## Exercise brief
What is needed is an exact copy of the lines in the entries below from the one holding "Foto del edificio - 593 E Graham Pl" through the one holding "Puri Sari Beach Hotel", pictures excluded.

## Source records
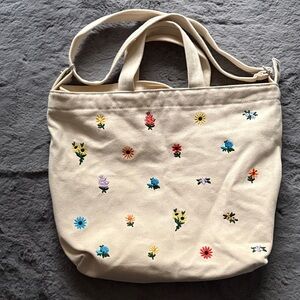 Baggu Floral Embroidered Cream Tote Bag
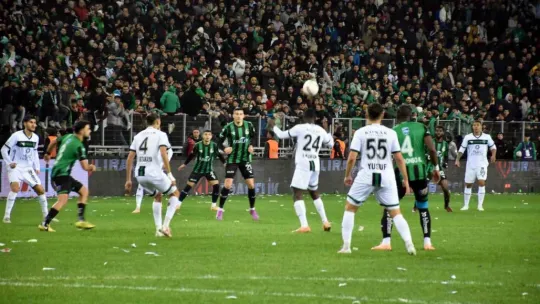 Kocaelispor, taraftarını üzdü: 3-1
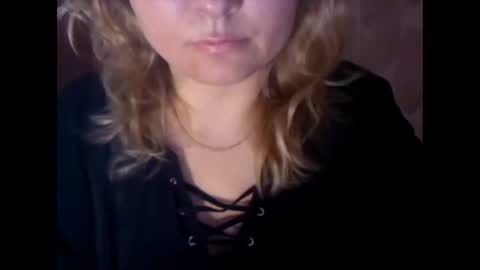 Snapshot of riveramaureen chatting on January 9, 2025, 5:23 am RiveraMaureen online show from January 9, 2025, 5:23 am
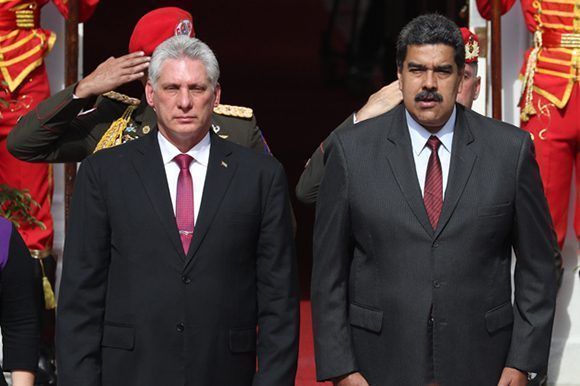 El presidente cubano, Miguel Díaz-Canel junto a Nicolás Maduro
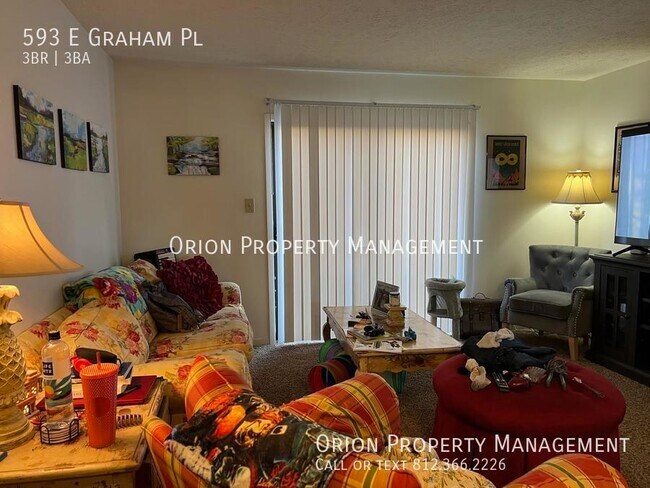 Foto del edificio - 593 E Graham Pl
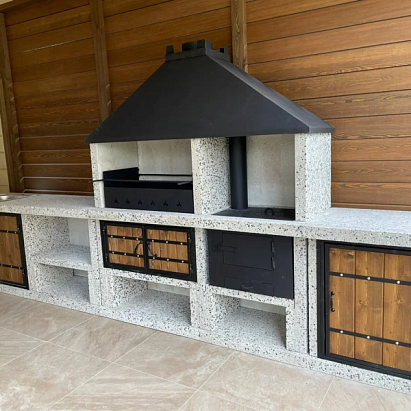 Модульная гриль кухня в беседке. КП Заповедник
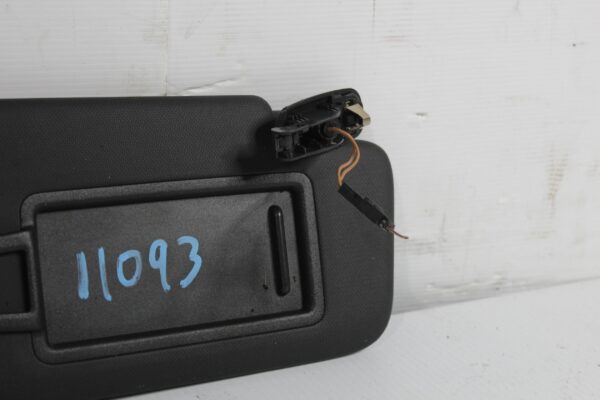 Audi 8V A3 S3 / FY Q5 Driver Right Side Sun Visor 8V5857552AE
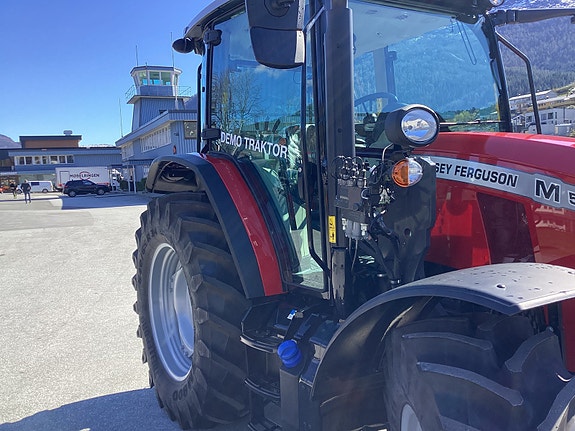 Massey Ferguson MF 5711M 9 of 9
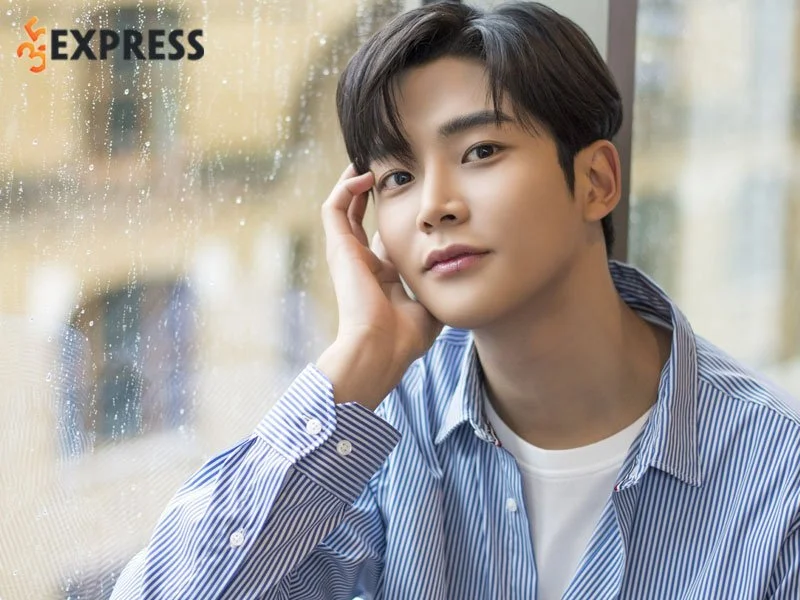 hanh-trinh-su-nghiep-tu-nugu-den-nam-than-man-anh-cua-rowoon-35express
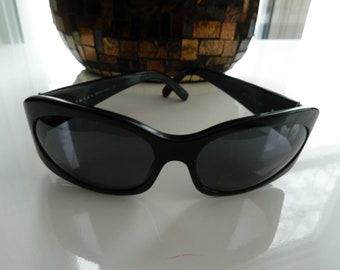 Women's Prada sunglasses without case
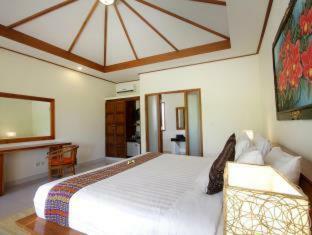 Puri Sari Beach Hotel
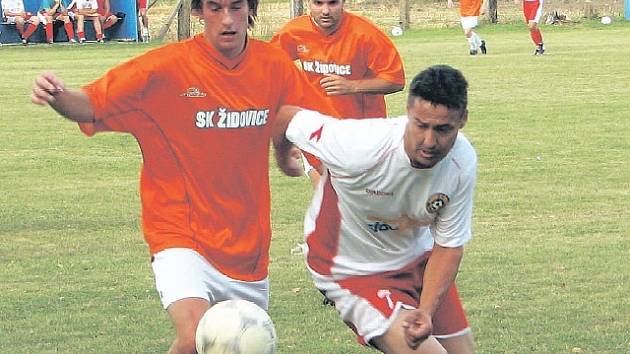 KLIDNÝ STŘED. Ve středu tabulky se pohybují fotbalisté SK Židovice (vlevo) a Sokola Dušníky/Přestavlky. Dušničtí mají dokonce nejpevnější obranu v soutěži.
--
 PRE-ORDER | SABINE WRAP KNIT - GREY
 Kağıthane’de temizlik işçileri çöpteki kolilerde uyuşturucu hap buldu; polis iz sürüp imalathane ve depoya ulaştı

## Exercise result
 Foto del edificio - 593 E Graham Pl
 Модульная гриль кухня в беседке. КП Заповедник
 Audi 8V A3 S3 / FY Q5 Driver Right Side Sun Visor 8V5857552AE
 Massey Ferguson MF 5711M 9 of 9
 hanh-trinh-su-nghiep-tu-nugu-den-nam-than-man-anh-cua-rowoon-35express
 Women's Prada sunglasses without case
 Puri Sari Beach Hotel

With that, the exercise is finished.